Re: [PATCH v3 2/3] driver core: fw_devlink: Add support for FWNODE_FLAG_NEEDS_CHILD_BOUND_ON_ADD

From: Saravana Kannan
Date: Tue Sep 21 2021 - 16:07:58 EST


Sorry I've been busy with LPC and some other stuff and could respond earlier.

On Tue, Sep 21, 2021 at 12:50 PM Andrew Lunn <andrew@xxxxxxx> wrote:
>
> > It works at a device level, so it doesn't know about resources. The
> > only information it has is of the "this device may depend on that
> > other device" type and it uses that information to figure out a usable
> > probe ordering for drivers.
>
> And that simplification is the problem. A phandle does not point to a
> device, it points to a resource of a device.
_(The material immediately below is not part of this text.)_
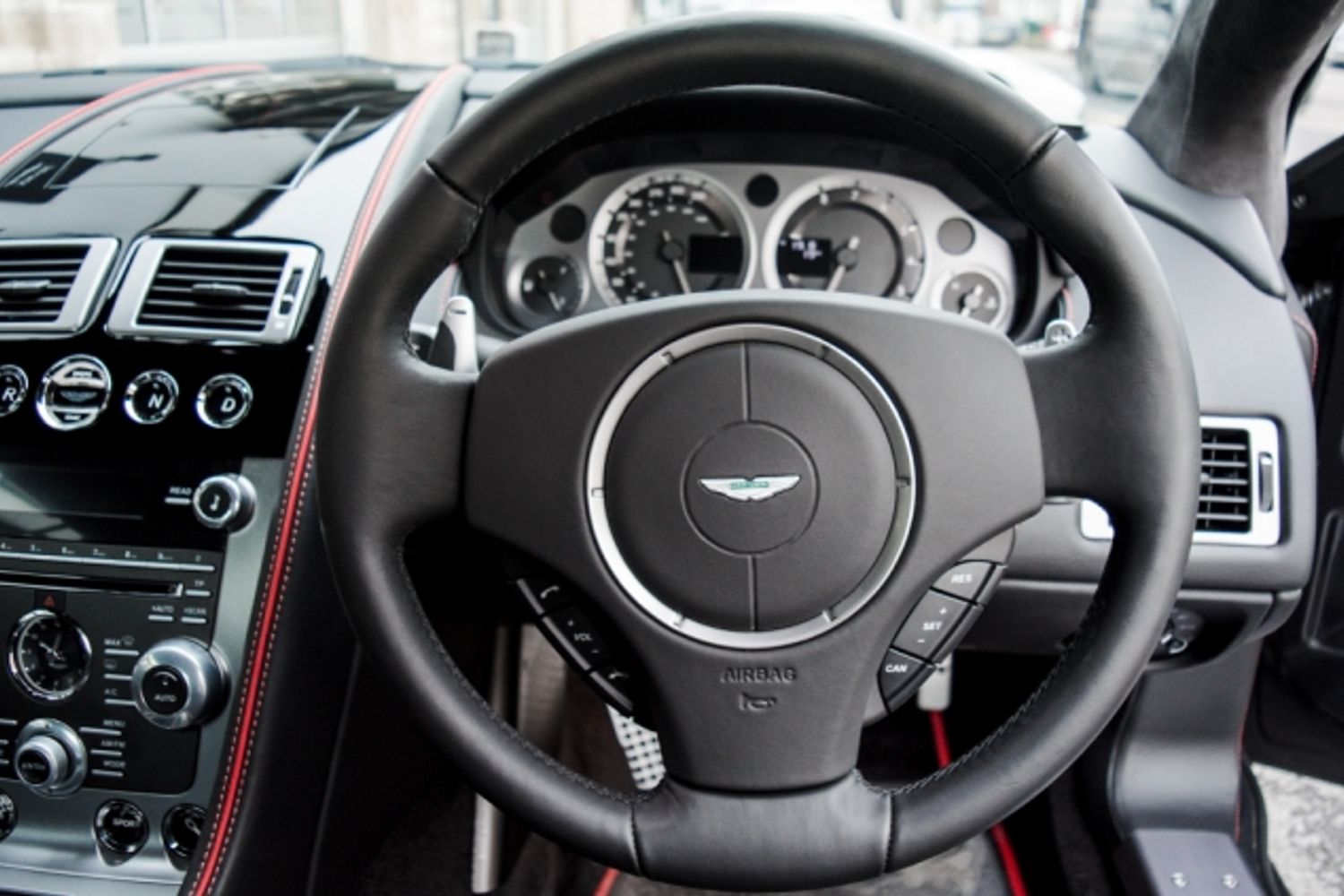 ASTON MARTIN DB9 COUPE 5.9 V12 2DR AUTOMATIC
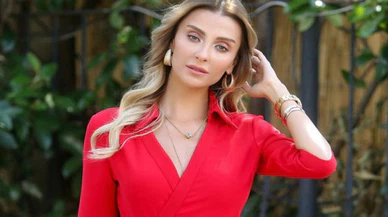 Özge Ulusoy'dan bornozlu paylaşım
It should really be doing
> what the driver would do, follow the phandle to the resource and see
> if it exists yet. If it does not exist then yes it can defer the
> probe. If the resource does exist, allow the driver to probe.
>
> > Also if the probe has already started, it may still return
> > -EPROBE_DEFER at any time in theory
>
> Sure it can, and does. And any driver which is not broken will
> unregister its resources on the error path. And that causes users of
> the resources to release them. It all nicely unravels, and then tries
> again later. This all works, it is what these drivers do.

One of the points of fw_devlink=on is to avoid the pointless deferred
probes that'd happen in this situation. So saying "let this happen"
when fw_devlink=on kinda beats the point of it. See further below.

>
> > However, making children wait for their parents to complete probing is
> > generally artificial, especially in the cases when the children are
> > registered by the parent's driver. So waiting should be an exception
> > in these cases, not a rule.

Rafael,

There are cases where the children try to probe too quickly (before
the parent has had time to set up all the resources it's setting up)
and the child defers the probe. Even Andrew had an example of that
with some ethernet driver where the deferred probe is attempted
multiple times wasting time and then it eventually succeeds.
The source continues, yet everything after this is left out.